I don't have many practical tips so I'm mostly here to commiserate and let you know you're not alone in this one. If we have to leave the city (ie drive on an interstate) Jeff takes the wheel and I take the klonopin. I, too, used be pretty good at interstate driving all over this great nation and now it's just panic attack city. I think on some level I believe that I had a finite amount of driving luck, and it has now run out and it's only a matter of time until violent vehicular death comes my way.
― carl agatha, Wednesday, 29 January 2020 18:29 (eight months ago) link
I think on some level I believe that I had a finite amount of driving luck, and it has now run out and it's only a matter of time until violent vehicular death comes my way.
Carl, this is exactly my thought process! IS TODAY THE DAY?? Its exhausting!
― Right column Leftist (sunny successor), Wednesday, 29 January 2020 18:41 (eight months ago) link
SO EXHAUSTING. Anxiety is so exhausting. I'm sorry you're dealing with this.

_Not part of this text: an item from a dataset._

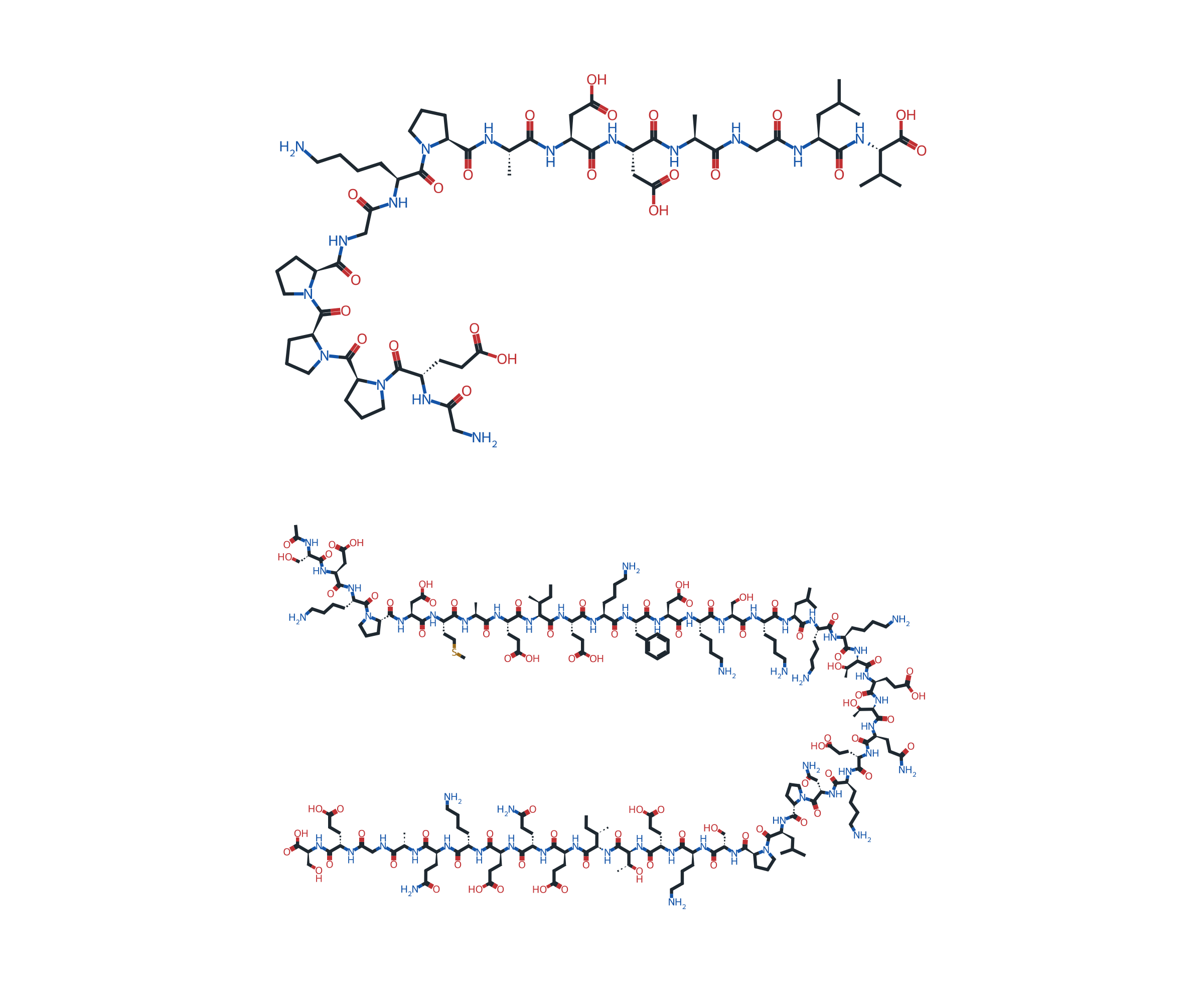 Molecular structures of BPC-157 and thymosin beta-4 for the BPC-157 + TB-500 blend.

― carl agatha, Wednesday, 29 January 2020 20:22 (eight months ago) link
― Οὖτις, Tuesday, January 28, 2020 4:35 PM (yesterday) bookmarkflaglink
You know, maybe this is one you didn't have to chime in on?
― Pete Swine Cave (Eliza D.), Wednesday, 29 January 2020 20:28 (eight months ago) link
A related story...I was driving home at night through awful fog a few weeks ago; was able to see maybe 20 feet in front of me. Fog, night, one-lane highway, I'm kind of terrified (the one good thing, within 15 km of home). The car behind me starts with the high beams at one point, which--I'm somewhat used to this--I took as a signal to speed up. I did what I always do now, flipped my front mirror down--forget about the car behind you, concentrate on what's ahead. They kept it up, even speeding up the flashing. On the next turnaround, I pulled to the side of the road and (I thought) let them pass me. I was about five km from home now.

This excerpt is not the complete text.